• Task details
The lines below, from the first through the one containing "Caerphilly castle - Smartphone", are to be given again exactly, with pictures left out and nothing added.

• Stored data
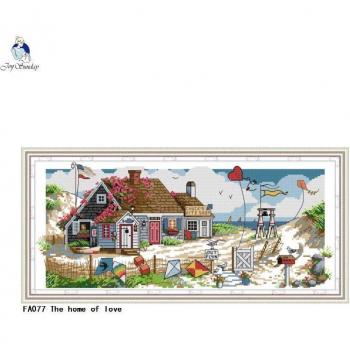 Kits de broderie en point de croix, motifs La Maison de l'Amour 14CT 11CT
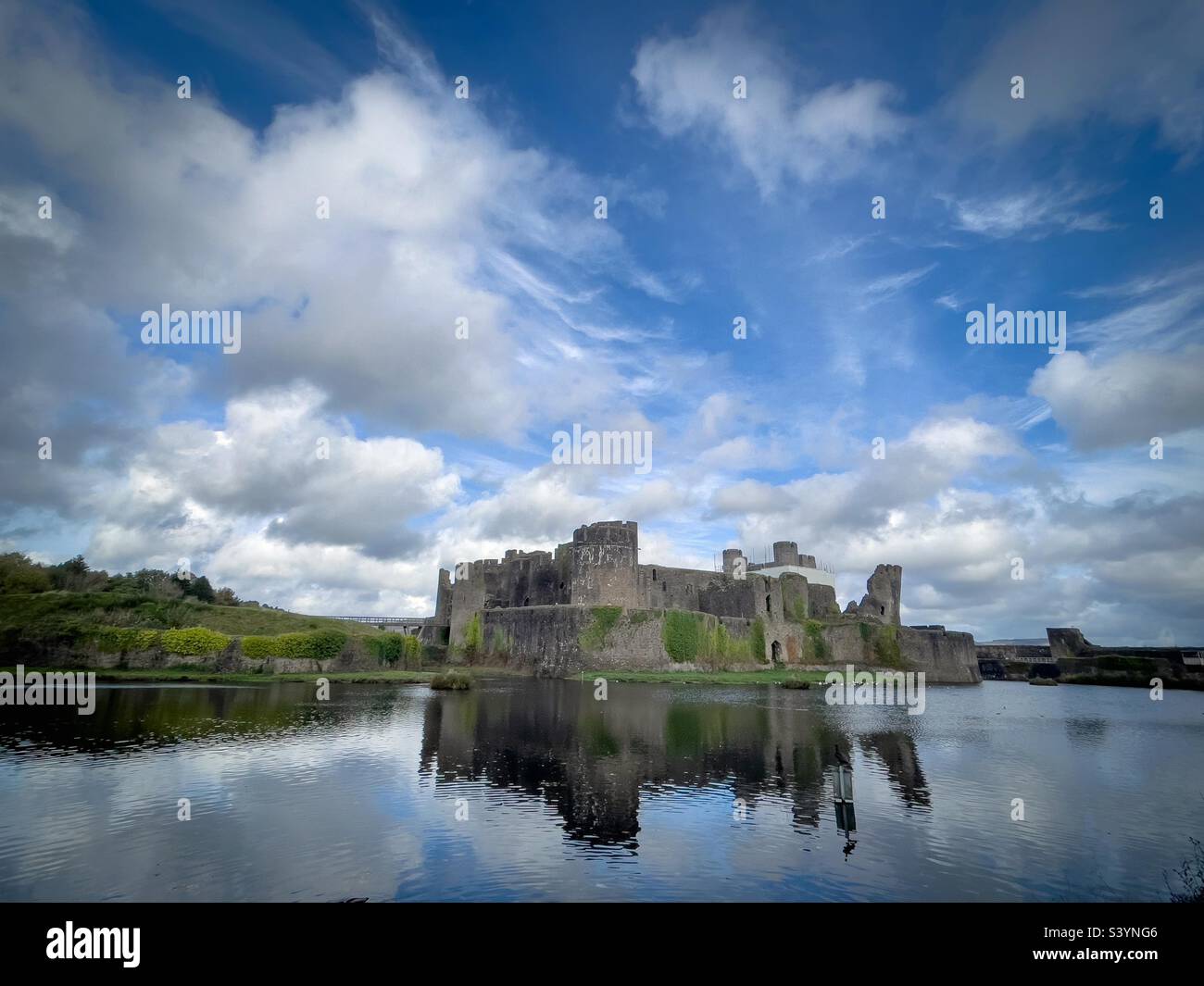 Caerphilly castle - Smartphone Captured Stock Image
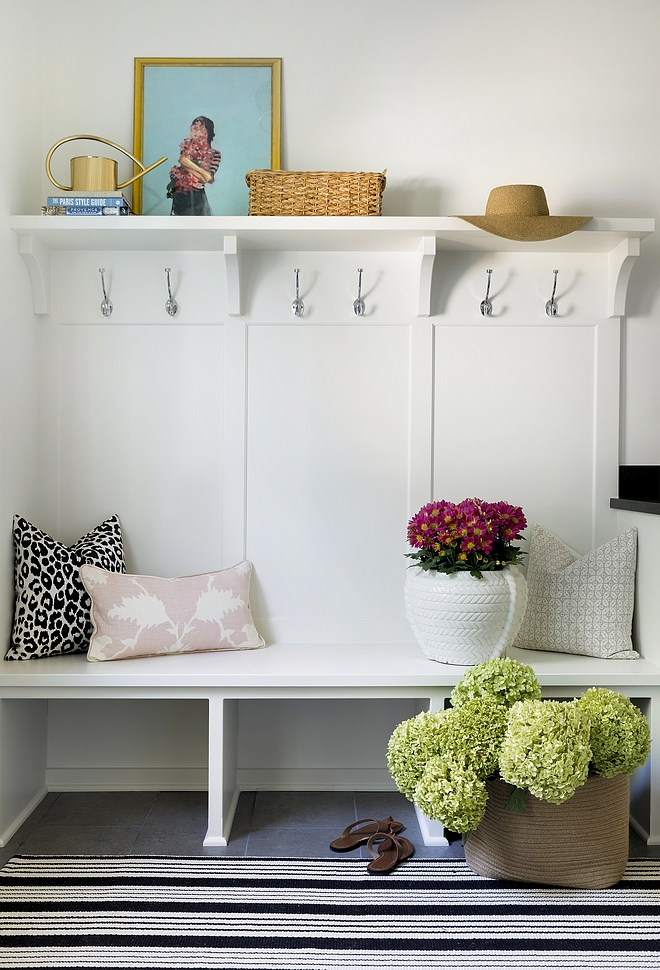 Mudroom Bench and shelf Simple and inexpensive mudroom ideas Save money by not building lockers and just add a shelf hooks and a built in bench #Mudroom #MudroomBench #mudroomshelf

• Result for this exercise
 Kits de broderie en point de croix, motifs La Maison de l'Amour 14CT 11CT
 Caerphilly castle - Smartphone Captured Stock Image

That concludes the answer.